EXERCISE OBJECTIVE: Where a line of the material includes the string "simulation", copy that line.

--------------------------------------------------

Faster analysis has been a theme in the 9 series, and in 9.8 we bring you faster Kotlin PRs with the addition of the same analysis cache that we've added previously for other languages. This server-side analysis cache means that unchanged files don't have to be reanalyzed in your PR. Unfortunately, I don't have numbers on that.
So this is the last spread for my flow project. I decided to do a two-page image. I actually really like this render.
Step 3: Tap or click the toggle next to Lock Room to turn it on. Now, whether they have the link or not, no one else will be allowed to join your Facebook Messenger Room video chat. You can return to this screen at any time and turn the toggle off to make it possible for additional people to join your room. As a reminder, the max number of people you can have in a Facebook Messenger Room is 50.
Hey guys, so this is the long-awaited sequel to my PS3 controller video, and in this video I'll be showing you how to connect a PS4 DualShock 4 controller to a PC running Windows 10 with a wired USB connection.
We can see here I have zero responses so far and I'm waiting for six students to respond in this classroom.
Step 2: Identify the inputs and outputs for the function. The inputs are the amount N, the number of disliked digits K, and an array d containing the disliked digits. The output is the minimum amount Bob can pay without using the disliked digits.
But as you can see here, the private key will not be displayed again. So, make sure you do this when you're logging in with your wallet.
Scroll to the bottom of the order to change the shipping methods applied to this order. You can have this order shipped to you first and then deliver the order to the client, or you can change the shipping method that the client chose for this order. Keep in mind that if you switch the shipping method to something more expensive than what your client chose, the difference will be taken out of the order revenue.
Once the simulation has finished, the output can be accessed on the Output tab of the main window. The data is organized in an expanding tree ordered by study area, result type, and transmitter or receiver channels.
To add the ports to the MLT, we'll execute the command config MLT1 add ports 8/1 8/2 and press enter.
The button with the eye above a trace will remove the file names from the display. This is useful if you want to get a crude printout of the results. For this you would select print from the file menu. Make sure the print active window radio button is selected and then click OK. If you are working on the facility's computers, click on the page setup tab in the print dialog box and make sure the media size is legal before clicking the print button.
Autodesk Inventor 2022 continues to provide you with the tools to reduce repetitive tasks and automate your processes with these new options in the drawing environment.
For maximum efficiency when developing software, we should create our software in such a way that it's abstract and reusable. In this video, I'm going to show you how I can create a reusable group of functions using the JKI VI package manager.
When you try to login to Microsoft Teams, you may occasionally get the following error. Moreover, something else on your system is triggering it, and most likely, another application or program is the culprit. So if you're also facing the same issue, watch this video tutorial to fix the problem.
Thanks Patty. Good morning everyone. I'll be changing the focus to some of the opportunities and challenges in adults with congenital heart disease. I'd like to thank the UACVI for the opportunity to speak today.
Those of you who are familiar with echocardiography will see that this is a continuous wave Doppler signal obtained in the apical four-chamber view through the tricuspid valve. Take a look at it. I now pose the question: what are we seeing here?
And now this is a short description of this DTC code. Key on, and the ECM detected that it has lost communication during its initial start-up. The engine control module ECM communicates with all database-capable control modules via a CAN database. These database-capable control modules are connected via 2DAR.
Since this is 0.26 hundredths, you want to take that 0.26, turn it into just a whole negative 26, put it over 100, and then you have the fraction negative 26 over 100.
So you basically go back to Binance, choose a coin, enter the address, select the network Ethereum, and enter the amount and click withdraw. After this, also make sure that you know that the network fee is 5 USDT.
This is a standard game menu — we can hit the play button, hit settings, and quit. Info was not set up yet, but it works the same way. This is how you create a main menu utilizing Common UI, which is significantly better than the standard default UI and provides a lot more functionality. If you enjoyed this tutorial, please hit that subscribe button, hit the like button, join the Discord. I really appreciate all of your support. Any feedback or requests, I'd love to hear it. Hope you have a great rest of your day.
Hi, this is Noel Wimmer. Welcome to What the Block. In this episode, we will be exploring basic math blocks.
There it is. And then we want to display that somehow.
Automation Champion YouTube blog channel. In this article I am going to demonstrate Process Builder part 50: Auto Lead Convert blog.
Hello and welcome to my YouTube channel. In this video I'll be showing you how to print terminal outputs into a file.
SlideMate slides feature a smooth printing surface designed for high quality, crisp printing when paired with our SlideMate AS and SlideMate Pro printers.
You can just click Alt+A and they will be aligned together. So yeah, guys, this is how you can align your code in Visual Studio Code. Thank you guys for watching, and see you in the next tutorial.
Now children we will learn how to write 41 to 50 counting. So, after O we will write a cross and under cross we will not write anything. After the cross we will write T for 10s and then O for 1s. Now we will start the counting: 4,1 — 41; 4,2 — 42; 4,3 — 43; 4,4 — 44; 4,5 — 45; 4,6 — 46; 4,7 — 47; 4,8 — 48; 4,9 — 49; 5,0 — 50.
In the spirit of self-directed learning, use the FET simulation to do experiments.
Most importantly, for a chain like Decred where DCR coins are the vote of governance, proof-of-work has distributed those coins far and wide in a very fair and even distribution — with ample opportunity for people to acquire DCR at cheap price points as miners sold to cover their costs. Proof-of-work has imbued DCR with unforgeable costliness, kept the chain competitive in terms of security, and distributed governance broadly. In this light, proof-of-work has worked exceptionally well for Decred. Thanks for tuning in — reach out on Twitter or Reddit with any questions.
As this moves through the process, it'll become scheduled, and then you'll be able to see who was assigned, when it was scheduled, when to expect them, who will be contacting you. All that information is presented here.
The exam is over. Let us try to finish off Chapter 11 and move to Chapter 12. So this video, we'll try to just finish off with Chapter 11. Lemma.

--------------------------------------------------

WRITTEN REPLY:
Once the simulation has finished, the output can be accessed on the Output tab of the main window. The data is organized in an expanding tree ordered by study area, result type, and transmitter or receiver channels.
In the spirit of self-directed learning, use the FET simulation to do experiments.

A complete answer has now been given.